Nel loro insieme, queste scelte estetiche conferiscono alla narrazione un effetto di grande realismo e suscitano nello spettatore un coinvolgimento al contempo emotivo e razionale.
Tra la fine degli anni Ottanta e i primi Novanta gli interessi della comunità si intrecciarono con quelli della politica, e si vivacizzò il dibattito sulla legislazione contro le droghe; proprio mentre si celebrava un processo per omicidio a carico di alcuni sorveglianti ex tossicodipendenti, e per omicidio colposo a carico di Muccioli.
Chi assistette al dibattito pubblico di quegli anni sa che allora non c’era alcuno spazio per la mediazione: beatificazione o demonizzazione erano le sole vie possibili. Personalmente, ricordo ad esempio che odiavo Muccioli e tutto ciò che rappresentava, ben al di là dei suoi demeriti.
Da questa logica gli autori e la regista hanno dichiarato di volersi tenere lontani, e a mio giudizio il testo che producono è all’altezza della loro intenzione.

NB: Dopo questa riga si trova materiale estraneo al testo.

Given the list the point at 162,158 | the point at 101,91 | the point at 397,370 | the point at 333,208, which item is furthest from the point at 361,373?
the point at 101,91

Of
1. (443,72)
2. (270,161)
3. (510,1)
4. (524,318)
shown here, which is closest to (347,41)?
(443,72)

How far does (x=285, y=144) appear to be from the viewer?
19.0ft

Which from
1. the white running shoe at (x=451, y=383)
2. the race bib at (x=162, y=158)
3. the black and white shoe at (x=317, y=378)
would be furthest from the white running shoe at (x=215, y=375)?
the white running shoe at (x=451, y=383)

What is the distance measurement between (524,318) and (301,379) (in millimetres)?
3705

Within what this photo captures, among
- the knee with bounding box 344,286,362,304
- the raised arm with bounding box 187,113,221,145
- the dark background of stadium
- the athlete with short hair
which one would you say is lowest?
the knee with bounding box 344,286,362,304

Senza procedere per partito preso, tuttavia, la descrizione e l’esposizione dei fatti storici documentati convergono verso un’interpretazione complessiva della vicenda storica e umana, più volte ribadita nel corso delle puntate: la crisi (declino e caduta) di questo modello di recupero si individua nel momento in cui la comunità diventa troppo grande. Allora, la logica del “padre di famiglia buono e severo” non può più essere applicata direttamente dal fondatore. Il padre, allora, è costretto a delegare pesantemente i suoi compiti educativi e le sue prerogative, e il gruppo cambia radicalmente la sua fisionomia.
Come dicono esplicitamente alcuni testimoni, si passa dalla cura (attraverso la relazione diretta) al controllo (attraverso la delazione): la comunità diventa istituzione totale. E il cambiamento rende possibili atteggiamenti e scelte che in precedenza non si sarebbero mai concepiti: l’abbandono dei figli ad opera del padre; il tradimento del padre ad opera di alcuni figli e figlie.

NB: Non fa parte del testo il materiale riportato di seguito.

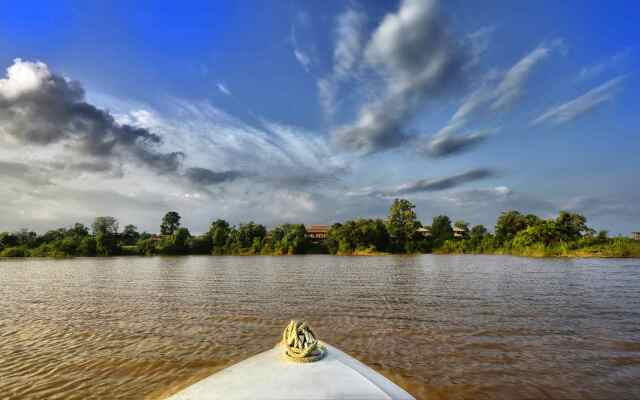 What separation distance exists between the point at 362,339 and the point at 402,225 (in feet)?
313

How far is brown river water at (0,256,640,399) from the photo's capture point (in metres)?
6.26

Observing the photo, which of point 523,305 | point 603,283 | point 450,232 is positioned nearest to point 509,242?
point 450,232

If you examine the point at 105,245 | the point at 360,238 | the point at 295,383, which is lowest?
the point at 295,383

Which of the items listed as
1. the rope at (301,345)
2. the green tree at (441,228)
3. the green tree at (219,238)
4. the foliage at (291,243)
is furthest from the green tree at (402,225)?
the rope at (301,345)

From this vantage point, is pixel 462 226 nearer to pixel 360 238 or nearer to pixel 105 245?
pixel 360 238

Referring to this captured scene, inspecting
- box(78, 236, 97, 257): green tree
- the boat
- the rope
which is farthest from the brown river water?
box(78, 236, 97, 257): green tree

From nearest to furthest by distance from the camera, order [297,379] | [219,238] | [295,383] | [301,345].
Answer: [295,383] < [297,379] < [301,345] < [219,238]

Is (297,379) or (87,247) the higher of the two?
(87,247)

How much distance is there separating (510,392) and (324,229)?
138 metres

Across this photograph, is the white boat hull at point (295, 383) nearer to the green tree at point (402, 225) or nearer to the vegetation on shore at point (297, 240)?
the vegetation on shore at point (297, 240)

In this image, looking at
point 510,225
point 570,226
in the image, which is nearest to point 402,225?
point 510,225

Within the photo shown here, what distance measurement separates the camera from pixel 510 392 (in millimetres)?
5793

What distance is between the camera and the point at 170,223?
12800 cm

Questa conclusione è affidata alle ultime parole che ascoltiamo, pronunciate da Fabio Cantelli, il più acuto e dolente fra i narratori interni. Egli sottolinea che la fine della comunità si realizzò quando l’immagine pubblica di San Patrignano prevalse sulla sua verità interiore, sulla sua anima. Una verità, ribadisce, intrinsecamente sfuggente e contraddittoria, come quella sulla vita di ciascuno di noi.
Non angeli o demoni, quindi, ma angeli e insieme demoni. I figli, le figlie, il padre.
In questa riflessione, c’è tutto l’interesse di questo onesto racconto, e il suo significato più profondo per ciascuna e ciascuno di noi.